“Common Ground”, a touring show of photographs documenting the Muslim experience in Britain, South East Asia and the Middle East, was mounted in the Saudi capital, Riyadh, in the King Fahd Cultural Centre. The occasion was an unprecedented event, requiring careful explanation of British intentions and months of negotiation.
International art shows are virtually unheard of in Saudi Arabia, especially photographic displays. Saudi Arabia is one of the most difficult countries in which to be a photographer, and Riyadh, its most religiously conservative city. Taking pictures in public, especially of people, is still taboo among Muslims. The freedom enjoyed by British photographers to document the everyday life of Muslim men and women roused interest and envy.

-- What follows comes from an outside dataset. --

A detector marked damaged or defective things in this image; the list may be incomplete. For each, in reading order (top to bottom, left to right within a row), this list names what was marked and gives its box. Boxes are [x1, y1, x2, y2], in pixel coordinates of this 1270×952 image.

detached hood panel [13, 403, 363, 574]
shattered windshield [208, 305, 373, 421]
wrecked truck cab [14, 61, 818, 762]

Already seen in Indonesia, Malaysia, Bangladesh, Bahrain, and the United Arab Emirates in Sharjah and Abu Dhabi, the exhibition has evolved in each venue, gathering photographers from its region. It was hoped the show in Riyadh would include all 22 exhibitors shown at the Sharjah Art Museum, but in the event this proved too difficult. To the core exhibition of nine British artists, one Saudi Arabian was added to list, Manal Al-Dowayan, born and educated in the Eastern Province. Her studio-based pictures of beautiful, partly veiled young women dominated the show, stirring considerable attention notably among the male journalists.

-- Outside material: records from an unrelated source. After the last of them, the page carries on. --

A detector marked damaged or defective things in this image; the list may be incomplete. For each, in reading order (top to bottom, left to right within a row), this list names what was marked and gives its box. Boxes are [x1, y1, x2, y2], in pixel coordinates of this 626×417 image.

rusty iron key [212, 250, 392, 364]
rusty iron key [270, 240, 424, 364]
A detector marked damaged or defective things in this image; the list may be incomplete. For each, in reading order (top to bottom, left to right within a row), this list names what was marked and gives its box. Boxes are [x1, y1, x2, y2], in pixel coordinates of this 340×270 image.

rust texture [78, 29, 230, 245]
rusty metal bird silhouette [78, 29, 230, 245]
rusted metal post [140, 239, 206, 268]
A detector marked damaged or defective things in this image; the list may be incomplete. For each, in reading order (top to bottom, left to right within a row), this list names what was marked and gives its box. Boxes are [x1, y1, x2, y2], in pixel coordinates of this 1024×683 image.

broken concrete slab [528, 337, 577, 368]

Regrettably, the politics of culture overshadowed aesthetic appreciation. Baroness Uddin, the first Muslim woman to enter the House of Lords, cut the tape at the women’s only private view on Monday 18 April. The men’s opening the following evening was a grander affair.
Coming in the wake of a week-long celebration of Saudi culture in the UK, Iyad Madani, Minister of Culture and Information, who helped organise the exhibition, spoke of cultural exchange as the means by which we discover what we share. Jack Straw, UK Secretary of State for Foreign Affairs, fortuitously in Riyadh for the second set of bilateral talks with the Saudi government, spoke of the contribution that Muslims had made to cultural life in Britain. In his constituency of Blackburn alone there are 30 mosques. Many Muslim soldiers had died fighting for Britain in World War I, he said. We are two religions, but one common ground, one civilisation, he stressed.